Every day we leave behind a lot of data. Our life is monitored by hundreds of satellites, security cameras and our movements are  tracked when you use your bank-, fitness club- or public transportation card and is saved and processed. Every movement we make online is business for someone.
 
Consumers and employees alike favour when they are known but dislike when they are followed or monitored.
 
Every time a salesperson contacts you via e-mail or phone, you should ask yourself; who gave them your information?
 
It is imperative for businesses to understand where to draw the line between adapting to users and spying on users, between collecting and processing data in conformity with the law and going beyond it.
 
The use of cookies and collection and processing of big data has created an opportunity for companies to find the most appealing client segment, to create personalised offers and to adapt to clients’ needs.

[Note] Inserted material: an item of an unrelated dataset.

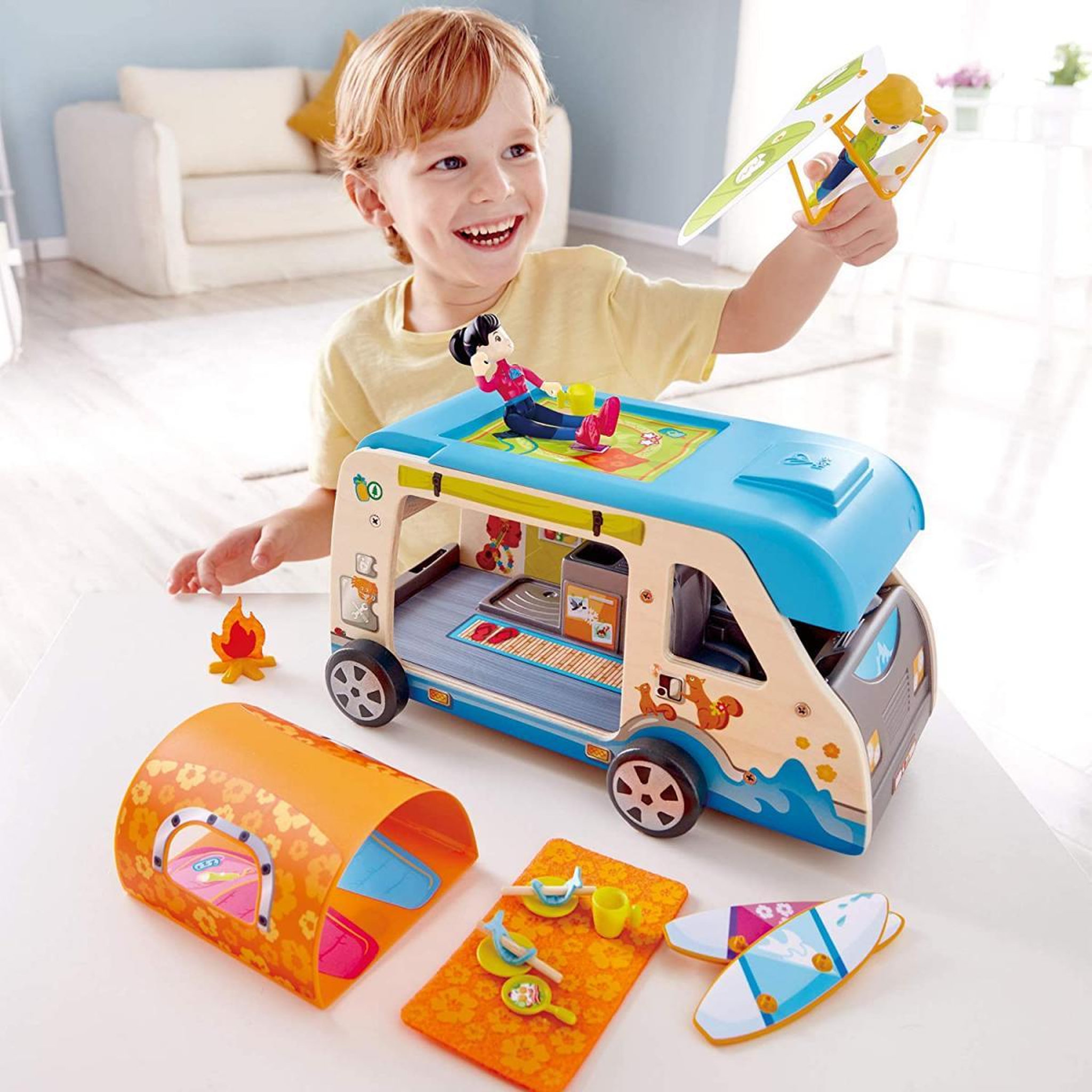 Voir la diapositive 2 : Hape Adventure van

Use of online resources has become one of the biggest advantages and also one of the biggest risks for companies. 

Most of the largest data breaches and therefore the highest penalties to companies in relation to data breach arise from circumstances where office equipment has been given to an employee who then has had it stolen, lost, left unencrypted or has deliberately violated data protection rules with the intention to sell the data. Incidents also arise from negligence in regard to information security such as when an employee can access work related data with their own device which does not have an antivirus program or is not encrypted. 

However, following data protection rules is not an issue only in these cases. A hot topic lately - reading employee’s e-mails –has raised a well-founded question whether the employer has a right to do it and where to draw the  line when processing your employees’ data. Knowledge, whether the data is being processed in the right manner and lawfully, is important not only to the person, whose data is being processed, because unlawful data processing bring along several sanctions.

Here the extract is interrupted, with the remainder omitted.